What needs to be done: Output the line that contains "Profesional sonriente con" together with each line after it, through the final line of the listing below, word for word; omit pictures.

Available data:
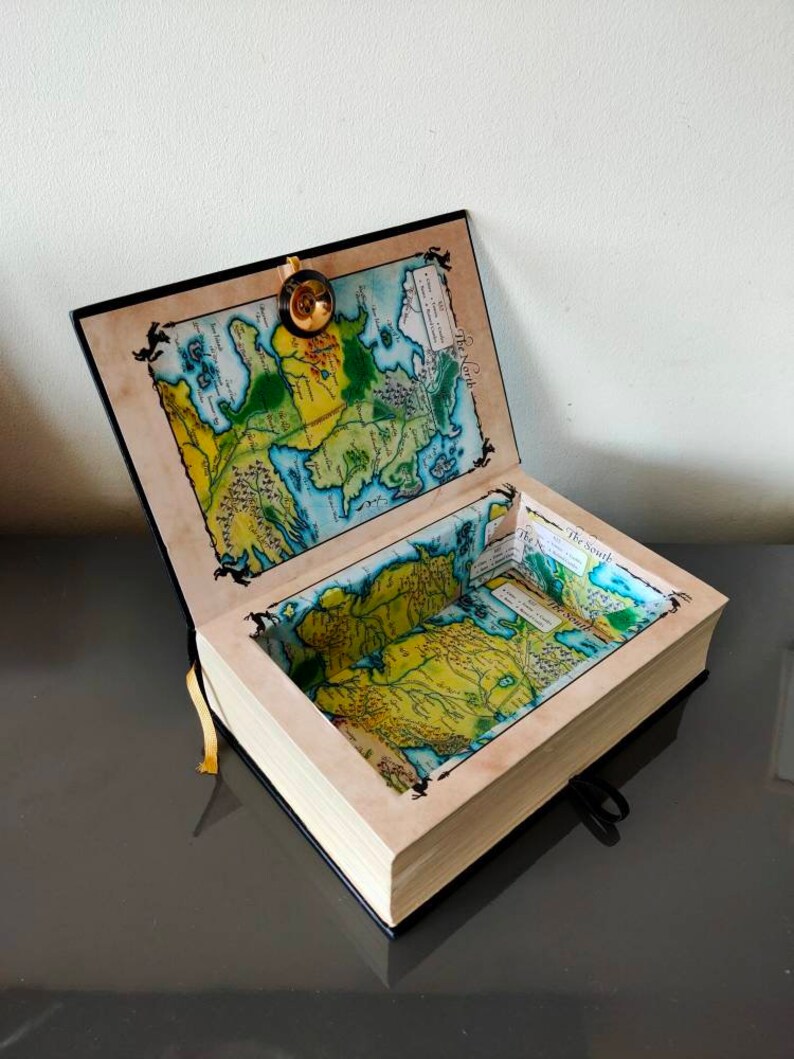 Puede incluir: Una caja negra con forma de libro con un mapa de Poniente en la portada y en el interior. La caja est&aacute; abierta y el mapa es visible en el interior. La caja tiene un cierre dorado y una cinta negra.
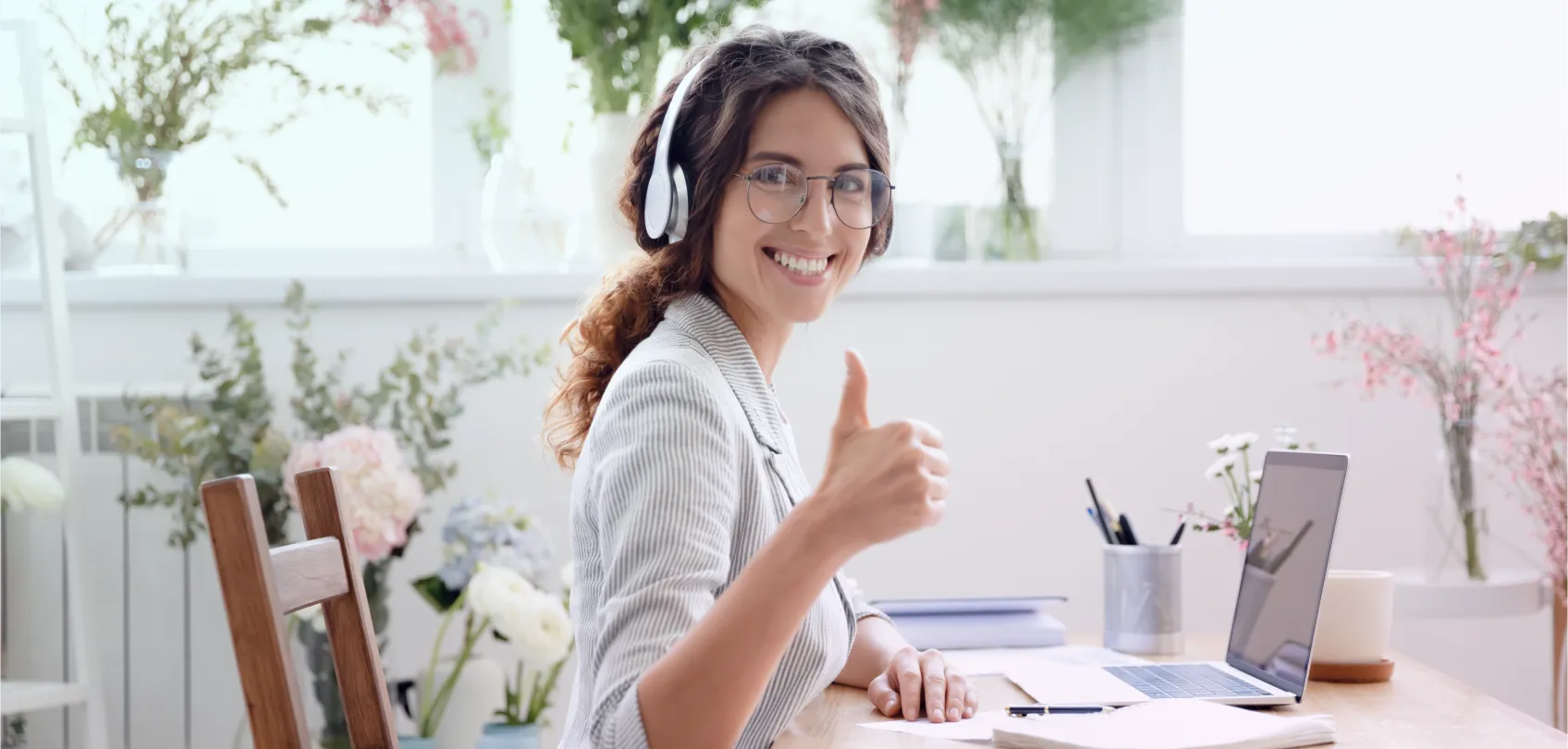 Profesional sonriente con audífonos trabajando en laptop y levantando el pulgar, simbolizando la eficiencia de los CMS Headless frente a los tradicionales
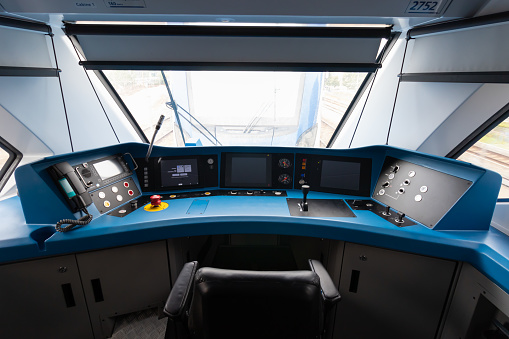 This picture is a cockpit from a modern sprinter train. The curtains are open and in this picture the cockpit is unused. The SNG (sprinter nieuwe generatie) is currently active in the Netherlands.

Written answer:
 Profesional sonriente con audífonos trabajando en laptop y levantando el pulgar, simbolizando la eficiencia de los CMS Headless frente a los tradicionales
 This picture is a cockpit from a modern sprinter train. The curtains are open and in this picture the cockpit is unused. The SNG (sprinter nieuwe generatie) is currently active in the Netherlands.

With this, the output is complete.